I buy the paper more frequently than anyone in this family can read through it. I go first to the horoscope (surprise!) then I read the comics I like. I skip lots, but always read Sherman and Dilbert. Then I go to the front of the Entertainment section to catch up on Brangelina and Lindsay and the rest of the gang. Finally, if time permits, I head to the editorial section where real news turns up and is not only encapsulated, but tells me what to think of it.
If I'm eating slowly enough, I then close the paper and start at the front page. This is how I wound up reading Jon Ferry today (Wednesday Apr 28.) I like Jon. I've read him in the past when I've had a second helping and made it this far into the paper. However, today he got my goat.
He writes a very informative column about the crisis that education has fallen into with funding cutbacks that mean a lot of fat-trimming at the school level and often little at the administration level. I agree with him that a royal commission is overdue.
However, in taking the Vancouver School Board to task, he writes that the school board's approach merely "off-loads the funding problem onto already-overtaxed parents, who now are stuck with extra child-minding duties." (Italics are mine.)
I used to wonder if columnists deliberately seed their work with inflammatory comments like this to see if they get a rise out of the readership. Consider me arisen, Jon.
First, I totally agree with the financial side of it. I am a tax-paying parent and I am reluctant to take on further tax burdens. But the burden of child-minding?
Taken in its best light, his comment could mean that parents are now burdened with trying to find child-care for the extra week of Spring Break etc. If so, say "child-minding expenses," because there's no "extra" when it comes to "child-minding duties." Parenting is twenty-four, seven. Delegate all you want, but you're still on duty. You're it.
Which brings me to the other half of the column I take issue with--the bit where he compares the quality of education in a private school to one in the public school system.
"The class discipline was better, the parents more engaged and the teachers worked harder to ensure each student's talents were developed. Also, there wasn't all that left-wing brain-washing."
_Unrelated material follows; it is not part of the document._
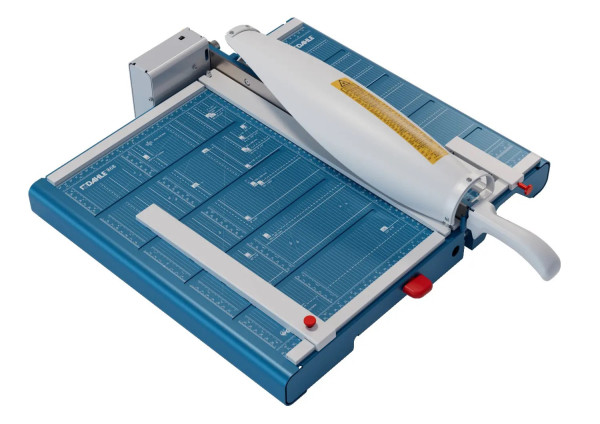 Dahle 868 massicot à levier 35 feuilles (A3) 248732 - 3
Okay, not sure what he means with the left-wing brain-washing comment. Perhaps I'm guilty of it for standing by the public school system, which strives to ensure that every Canadian child receives some kind of standardized education. Perhaps he thinks only rich kids deserve to learn their ABC's, but I think every kid deserves a shot. I'm left-wingy that way.
And since the public system serves every child, no matter their potential, background, native language, or physical or mental struggles, the public system sometimes struggles to achieve its objective.
I used to live on the coast and my kids were in a public school of five hundred kids. It was a nice school and some bigwig came by and said so. The principal at the time said, "Of course it is. Look at the neighborhood." Lots of nice homes. Lots of two-parent families, many of them dual income. Many of the parents were well-educated and they engaged at the school level because they engaged with their children. That's the kind of people they were. They took their parenting duties seriously.
I'm not arguing that private schools have more to offer, but I think they receive more in the way of engaged parents and disciplined, naturally talented children. Therefore, it's grossly unfair to suggest that private schools offer much-need competition to public schools when it's not a level playing field. Private schools aren't shouldering social problems the way public ones are.
Case in point: parents (according to Jon Ferry) have to take on extra child-minding duties when the school shuts its doors for a couple of extra days. Whether he's arguing that parents shouldn't be shouldered with extra time with their kids or extra costs for daycare, the fact remains, neither of those things has anything to do with education.
I'm running long here and will address another angle of this in a day or two with "All-Day Kindergarten," but the bottom line here is that school isn't a babysitting service. About six years ago, here in School District 51, the school week went to four days. Everyone freaked and you can still find pockets of people arguing that daycare is an issue on Fridays, but the majority of families love it. I do.